In 2024, the total prevalence of myelofibrosis across the seven major markets (7MM) was estimated at around 55,900 cases, with numbers expected to rise steadily through 2034. Within the EU4 and the UK, Germany recorded the highest number of diagnosed cases, followed by Spain, while the UK had the lowest. In the United States, most patients were classified as high-risk, and primary myelofibrosis represented about 75% of all cases. Age-wise, the ≥70 years group accounted for the largest patient population, totaling approximately 12,100 cases in 2024. Additionally, around 60% of US myelofibrosis patients had JAK2 mutations, highlighting its significant role in disease prevalence. Myelofibrosis Drugs Uptake and Market Dynamics
Myelofibrosis Market Drivers:
- Rising prevalence of Myelofibrosis among aging populations
- Ongoing innovations in targeted drug development
- Expanding access to diagnostics and early detection programs
Myelofibrosis Market Barriers:
- High cost of therapy and limited reimbursement in some regions
- Side effects associated with long-term JAK inhibitor use
- Clinical challenges in managing advanced or resistant cases
Despite these challenges, industry experts remain optimistic about continued advancements, as multiple therapies progress through Phase 2 and Phase 3 trials with promising results.
Myelofibrosis Market Scope
- Study Period: 2020–2034
- Geographic Coverage: United States, EU4 (Germany, France, Italy, Spain), United Kingdom, and Japan
- Key Metrics: Market size, drug uptake, epidemiology segmentation, treatment trends, and pipeline analysis
The report also features competitive intelligence through SWOT, PESTLE, and Porter’s Five Forces analyses, as well as insights into market entry strategies, reimbursement landscapes, and unmet clinical needs.
Myelofibrosis Future Outlook
The Myelofibrosis market is set for robust expansion driven by increased disease awareness, technological progress in molecular diagnostics, and the entry of novel therapeutic agents.
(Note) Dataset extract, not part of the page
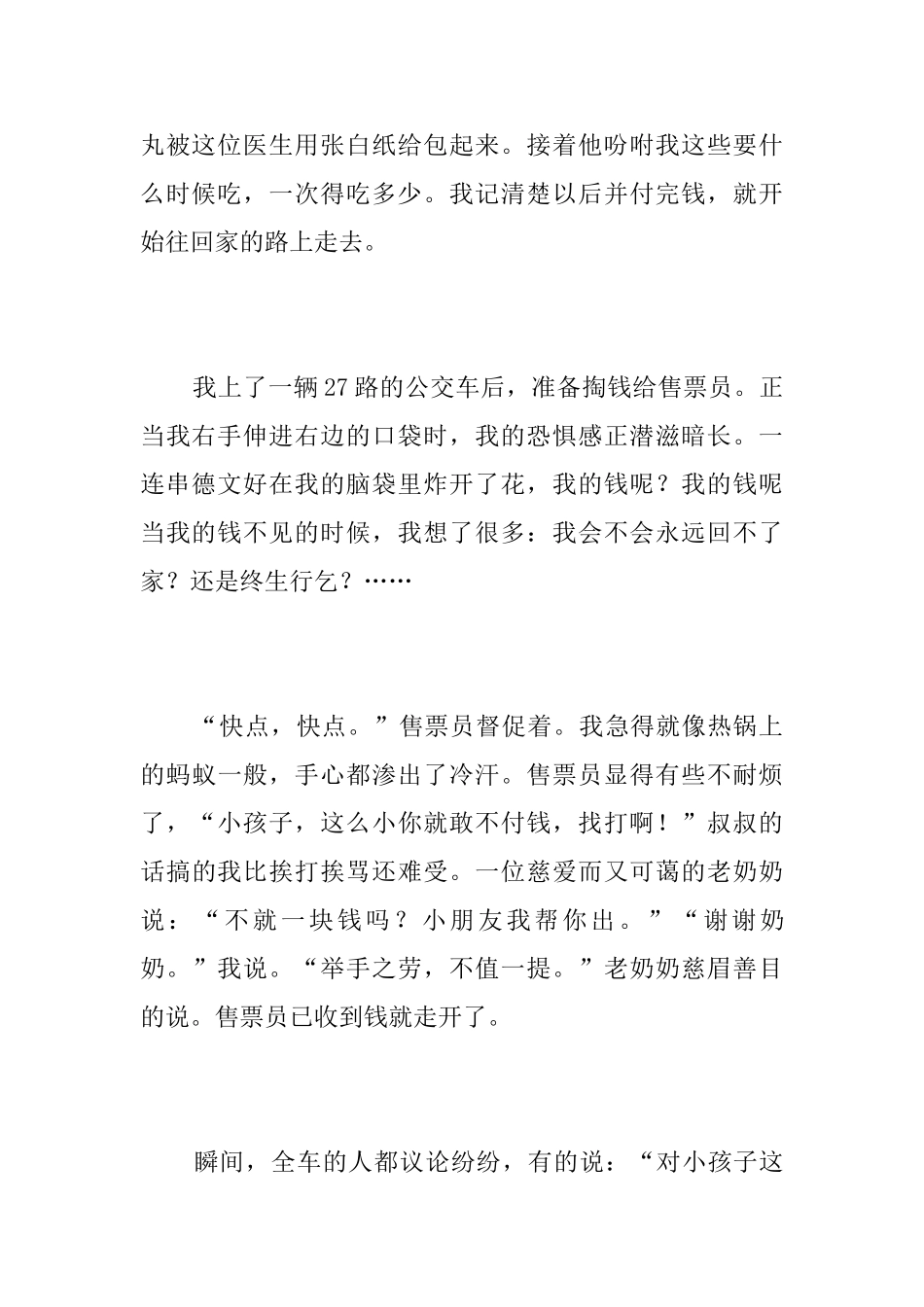 令我难忘的一件事初二日记800字_第3页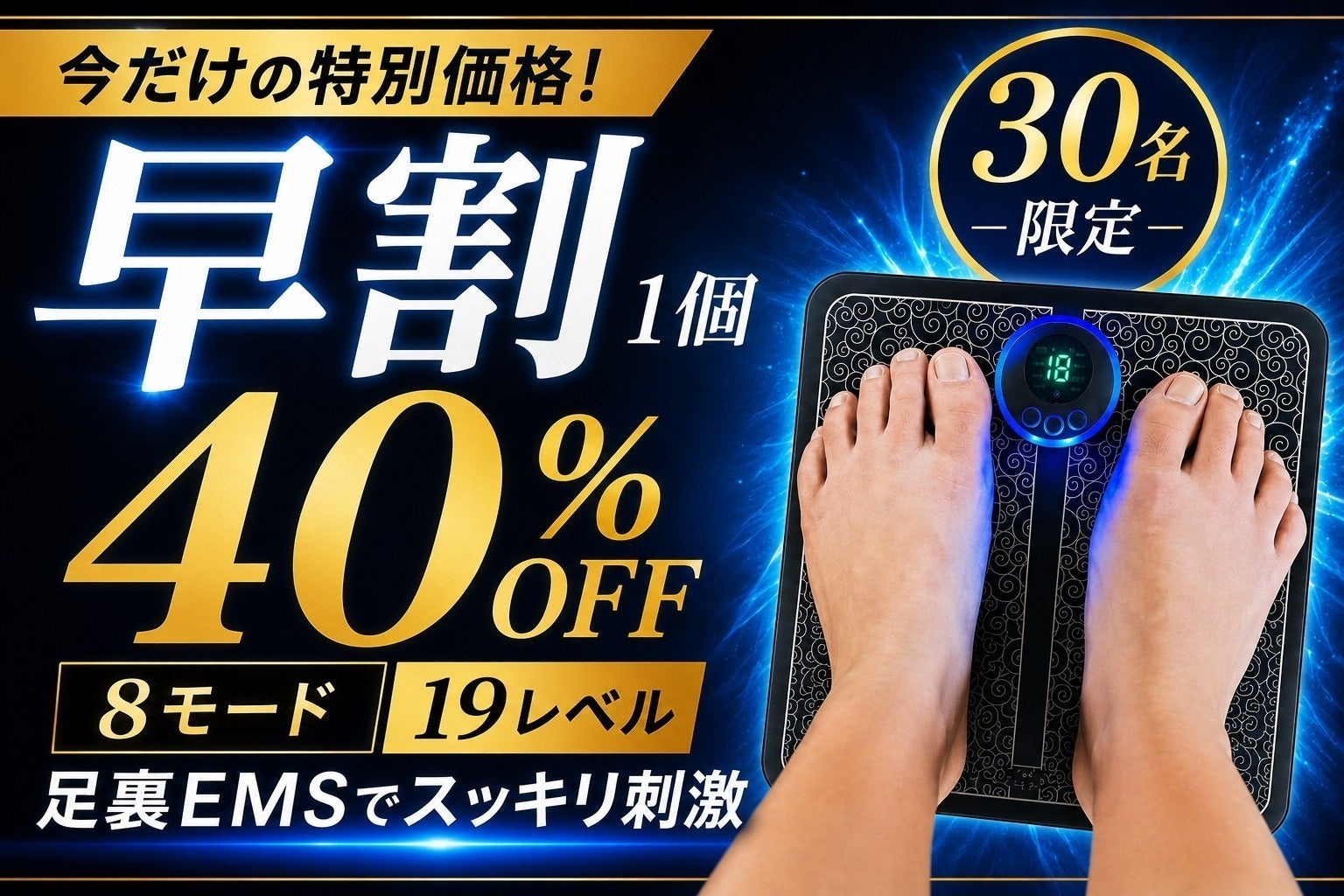 リターン画像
The combination of targeted therapies, JAK inhibitors, and next-generation immunotherapies will likely redefine the treatment landscape by 2034.
With multiple promising candidates in late-stage development and major pharmaceutical companies investing heavily in Myelofibrosis R&D, the market is expected to witness dynamic evolution in both therapeutic diversity and patient outcomes.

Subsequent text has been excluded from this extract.